Faut-il parfois intervenir militairement ?

En Libye, on a fait la guerre pour défendre l’opposition. Mais les expériences de guerre ne sont jamais des victoires de la paix. L’intervention en Libye, je ne la blâme pas. Mais je ne l’exalte pas non plus. Elle n’a pas résolu le conflit et, de plus, elle a apporté la guerre au Mali. Et regardez la guerre en Irak pour abattre Saddam Hussein, elle a en même temps détruit le pays, la communauté chrétienne, etc. La guerre est-elle utile ? En Syrie, il y a des chrétiens qui portent les armes contre le régime, d’autres qui défendent Bachar al Assad. Que faire face à une telle complexité ?

Vous êtes un Européen convaincu. L’Europe d’aujourd’hui vous enchante-t-elle encore ?

J’ai eu l’honneur d’avoir le prix Charlemagne (NDLR : prix international Charlemagne d’Aix-la-Chapelle décerné à des personnalités remarquables qui se sont engagées pour l’unification européenne), qui est un prix important qu’un Alcide De Gasperi (NDLR : 1881-1954, considéré comme l’un des pères de l’Europe) a reçu en son temps. J’étais ému quand j’ai prononcé ma profession de foi dans une Europe de la coexistence en tant que réponse aux fondamentalismes. Mais l’Europe politique tarde à se bâtir. On ne la regarde plus que comme une banque. Il faut agir vite car notre continent est en perte de vitesse.

« Le mal de l’Europe, c’est la peur de l’autre », avez-vous déclaré. Est-ce ainsi que vous définiriez cette perte de vitesse ?

Peur de l’autre et peur du futur. Nous n’avons plus d’espérance. Nous avons perdu le sens de l’histoire, et on perd le sens du futur. C’est cela, notre problème. Il faut redonner aux jeunes générations le goût de l’avenir et celui du sacrifice. On a fait la lutte des classes, on a lutté pour la justice, pour la démocratie, pour un avenir économique meilleur, et nous voilà aujourd’hui dans une posture de victimes où le « moi-je » l’emporte. Il faut sortir de cette egolâtrie pour aller vers le « nous », le nous de la nation, le nous de l’Europe, le nous de la famille… Il y a plusieurs nous qui façonnent notre vie !

Y compris le « nous » d’une communauté !

Oui, et j’en suis fier. En 1968, « communauté » était un mot à la mode. Aujourd’hui, c’est plutôt perçu comme rétro, dans le sens où ce mot représente sans doute un « nous » un peu trop fort.

La globalisation : un mot porteur ou menaçant ?

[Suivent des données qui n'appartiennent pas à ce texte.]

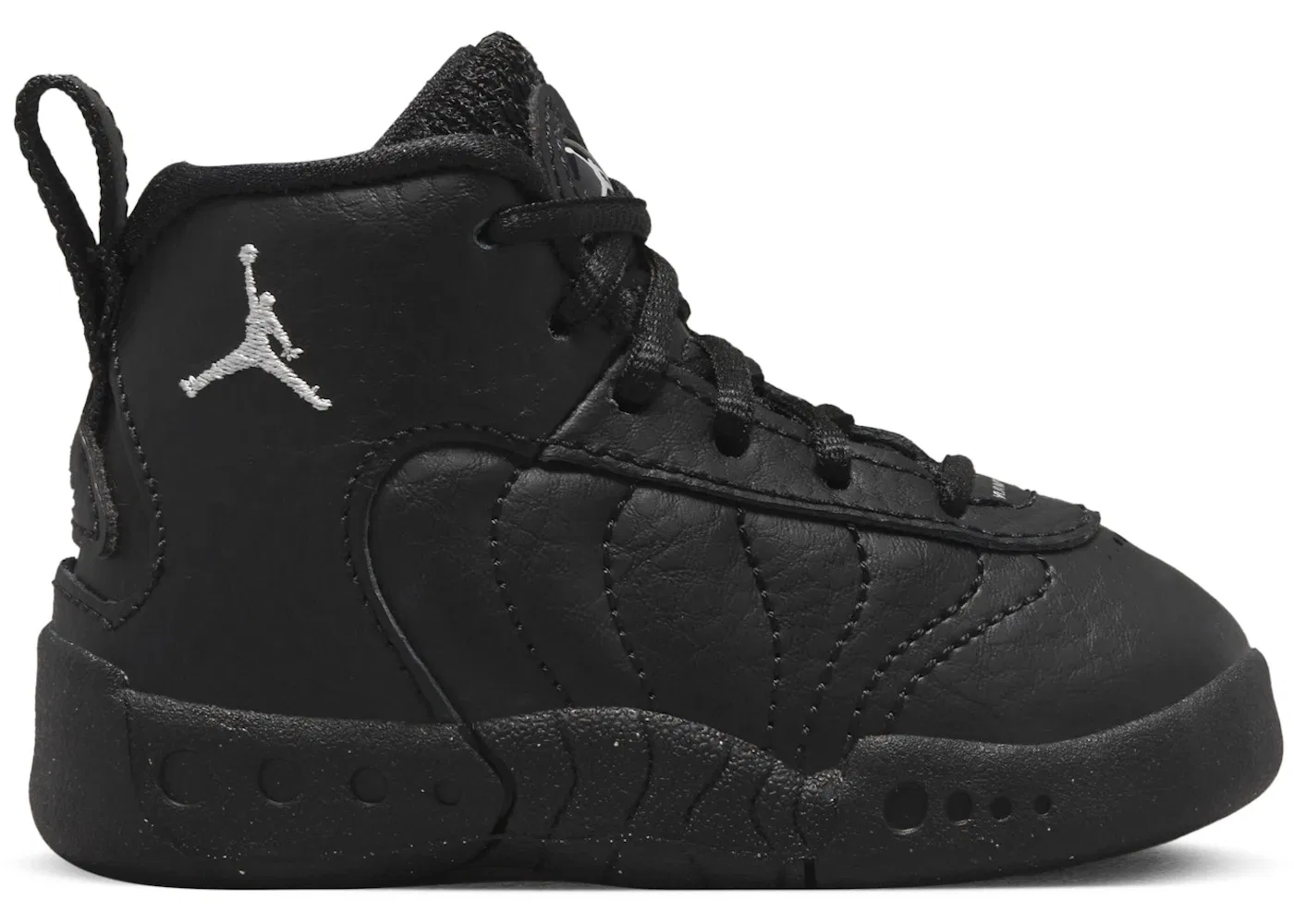 Детские кроссовки Lifestyle Jordan Jumpman Pro Jordan, Black/Metallic Silver/White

C’est un mot neutre, comme nation, catholicisme, islam… A cela près que la globalisation conduit à la mort du proche. Il y a plusieurs paradoxes. L’homme de la globalisation est un homme individuel. Dans une même ville, plusieurs mondes différents peuvent coexister sans avoir de liens. Il faut donc réinventer les liens de proximité. Nous en avons besoin comme de pain. Sinon, on n’a pas accès aux chances qu’offre la globalisation. Les chrétiens devraient d’ailleurs plus s’intéresser à la globalisation que se préoccuper de sécularisation.

Propos recueillis par François Janne d’Othée en juillet 2013

ANDREA RICCADI EN 6 DATES

1950 Naît le 16 janvier à Rome.

1968 Fonde la communauté Sant’Egidio.

1981 Début d’une carrière académique (professeur d’histoire contemporaine, notamment).

1982 Première action de médiation menée au Liban.

2004 Docteur honoris causa de l’UCL pour sa recherche de la paix, de la réconciliation et du dialogue.

2011 Ministre de la Coopération internationale et de l’Intégration dans le gouvernement Monti.